Nov 16, 2012 Erin Wisneski Uncategorized
Officials have opted for the safest plan for the Route 370 bridge repair, which also reflects cost savings for the state.
The New York State Department of Transportation’s decision will result in closure of the bridge for six to seven months beginning next fall, which will prevent west-bound access to the Cold Springs peninsula from Route 370 for all vehicles with the exception of west-bound emergency vehicles; a signal pre-emption system will be in place to allow emergency vehicles to cross the bridge during construction. All other west-bound traffic will be detoured at the intersection of John Glenn Boulevard and Route 370. The plan also includes closing the bridge, which crosses the Seneca River near Onondaga Lake, completely for two one-week periods.
“Providing one lane eastbound throughout most of the construction season is our preferred option because it addresses many traffic and public safety concerns associated with the previously presented full closure options,” said Carl F. Ford, Regional Director of Transportation in a letter to the town of Lysander.
While the plan is the best of three options when considering safety and cost, the decision has left Lysander officials disappointed as the closure time will have a significant impact on the town’s residents.
“The cast in place, while retaining one way traffic going east, will result in the longest construction time and will inconvenience a large number of Lysander residences,” said Supervisor John Salisbury. “As supervisor, I am somewhat disappointed at their choice of how the repair is going to be made in 2013.”
The DOT’s cast in place plan will cost $2.5 million with the eastbound-only lane open for six to seven months. In addition to the chosen plan, officials also reviewed two other options for the bridge repair: cast in place at a cost of $2.2 million with the bridge closed for 10 to 12 weeks and a precast method at a cost of $3 million with the bridge closed for four to six weeks. The precast method was the option town officials were hoping would be chosen. However, according to Ford, the precast didn’t fit with the needs of this project.

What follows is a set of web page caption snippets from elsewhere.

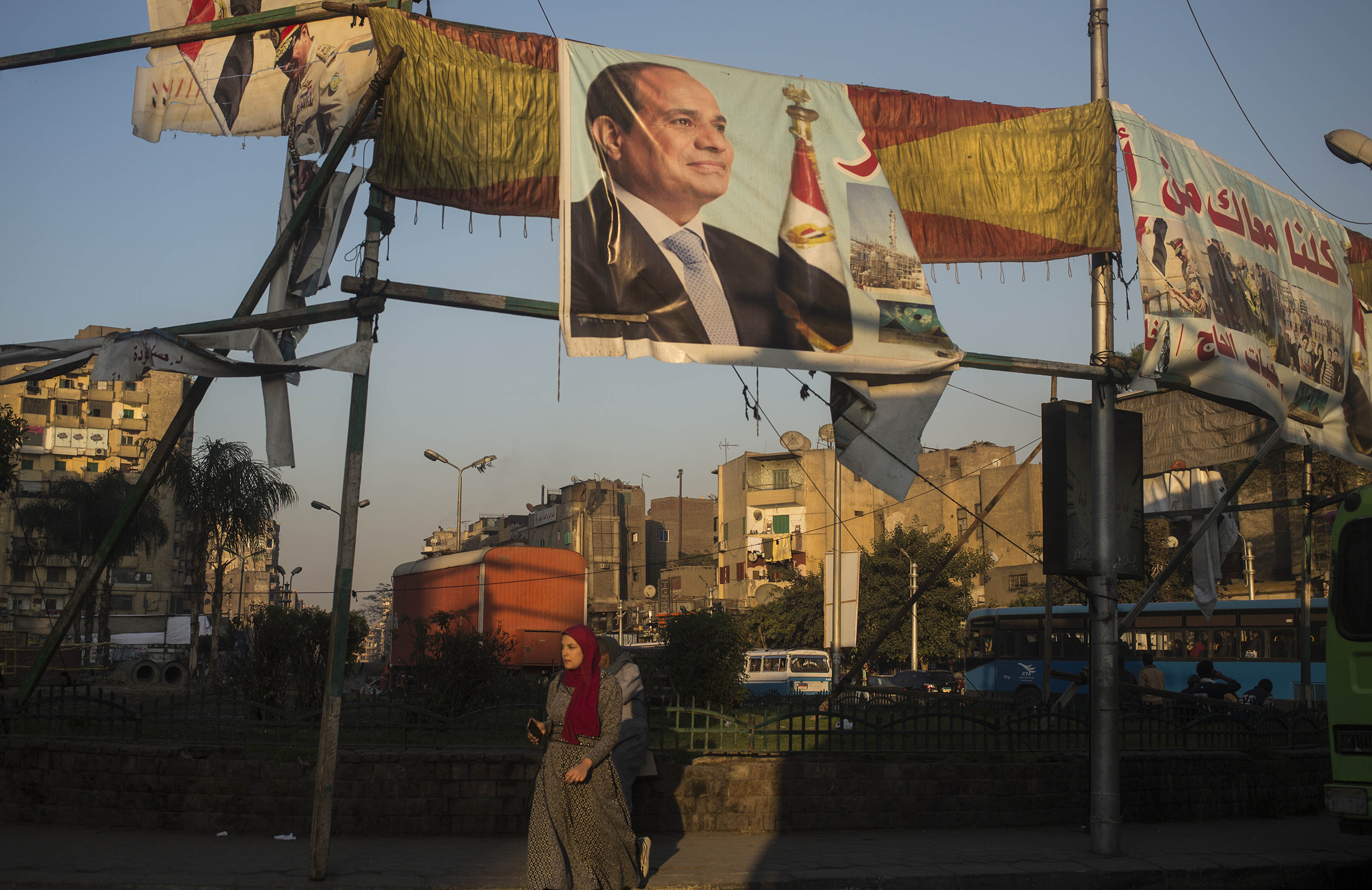 Genuine opposition candidates to Egyptian President Abdul Fattah al-Sisi, on poster above, have either been arrested or intimidated into dropping out (Asmaa Waguih—Redux)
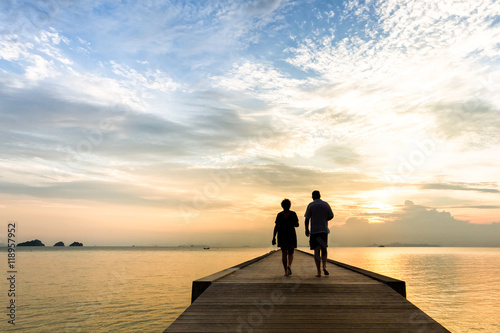 Couple walks along the pier at sunset over the sea 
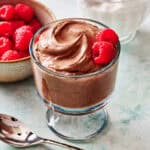 cottage cheese chocolate mousse in a glass with raspberries on the side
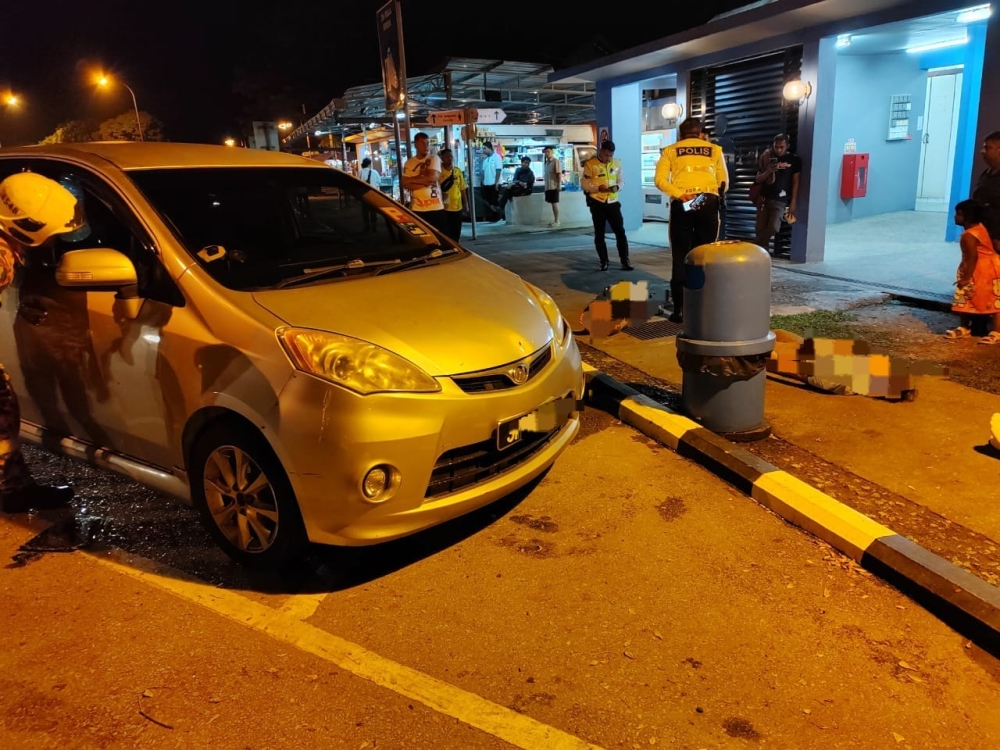The Perodua Alza where three Myanmar citizens were found dead at the Yong Peng (southbound) lay-by of the North-South Expressway in Johor July 18, 2023. — Picture courtesy of the Johor Fire and Rescue Department 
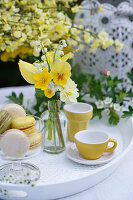 Posy of violas, buttercups, lily-of-the-valley, tulip and primulas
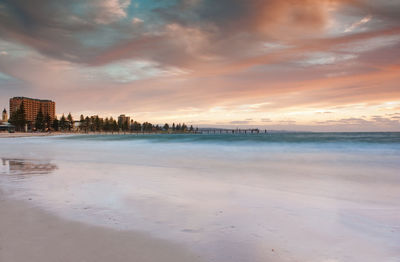 Scenic view of beach against sky during sunset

“Precast panels are a cost-effective option when replacing short span, high traffic volume interstate bridge decks. The use of precast concrete slabs at this location is not fiscally responsible or appropriate due to additional cost and length of the bridge,” Ford said in the letter. “The use of precast panels would require complete bridge closure for approximately six weeks at an additional cost of approximately $500,000. Due to fiscal constraints, we do not have the additional financial resources needed to use precast panel construction techniques on Cold Springs Road.”
Not all Lysander officials are disappointed with the decision. Emergency responders in Lysander are on board with the DOT’s choice for the safest option.
“We have studied varied options for the rehab project of the Cold Springs Bridge. We consider any options that will involve total closure of the bridge during the projects as not acceptable,” William J. Merriam, chairman of the board for the Belgium Cold Springs Fire District wrote in a letter to the NYS DOT.